Advancing Bangla Punctuation Restoration by a Monolingual Transformer-Based Method and a Large-Scale Corpus
[Accepted at EMNLP 2023 Workshop BLP, Paper — Link will be updated]
The Bangla punctuation restoration corpus, christened as BanglaPRcorpus, is constituted by 1.48 million source-target pairs. Within these pairs, the omission of punctuation from source sentences is conspicuous, while the target sentences epitomize the rectified versions where the supplementation of missing punctuation is executed. The process of correction entails the methodical removal of punctuation marks across the sentences, spanning a spectrum of quantities, ranging from 1 to 10, within each sentence. Moreover, it is of significance to underscore that the sentences within our corpus manifest a divergence in length, with the minimum sentence being characterized by a mere 2 words, the maximum sentence expanding to a substantial 127 words, and the average sentence length averaging at 12.9 words.
Clone the GitHub repository of the paper.
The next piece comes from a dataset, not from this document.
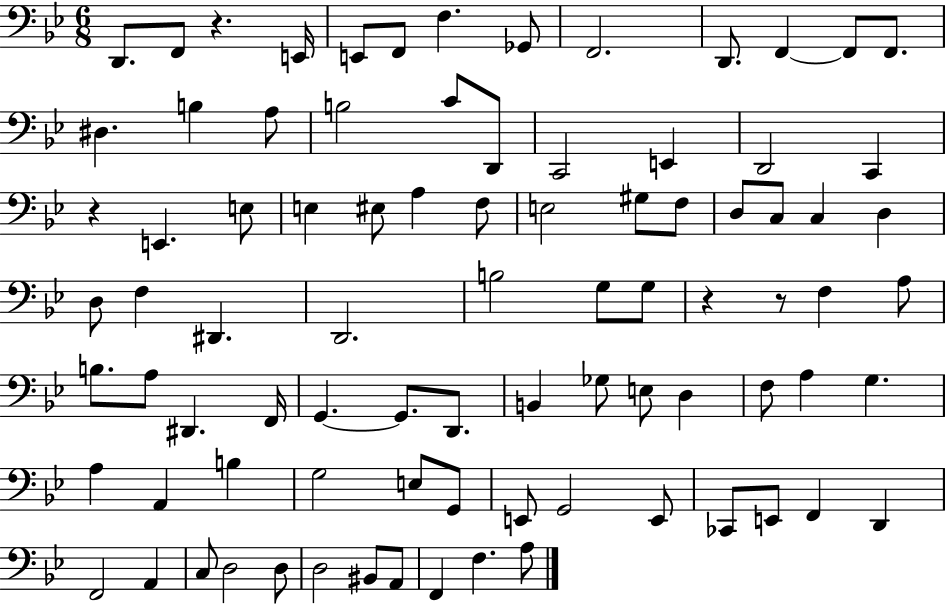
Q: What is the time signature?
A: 6/8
git clone https://github.com/mehedihasanbijoy/Jatikarok-and-BanglaPRCorpus.git
Alternatively, you can manually download and extract the GitHub repository of Jatikarok-and-BanglaPRCorpus.
Install the required packages.
conda env create -f requirements.yml
Afterward, activate the virtual environment and navigate to the paper directory.
conda activate jatikarok
cd Jatikarok and BanglaPRCorpus
gdown https://drive.google.com/drive/folders/1V1OrkJ4okSgw5swmhrbXAZFqkDB8g7QX?usp=share_link -O ./BanglaPRCorpus/BanglaPRCorpus/ --folder
or manually download the folder from here and keep the extracted files into ./BanglaPRCorpus/BanglaPRCorpus/
Go to ./BanglaPRCorpus
directory and follow the instructions.
The experiments in this paper involves benchmarking three methods, namely Jatikarok, BanglaT5, and T5 Small, on three different corpora, including BanglaPRCorpus, ProthomAloBalanced, and BanglaOPUS.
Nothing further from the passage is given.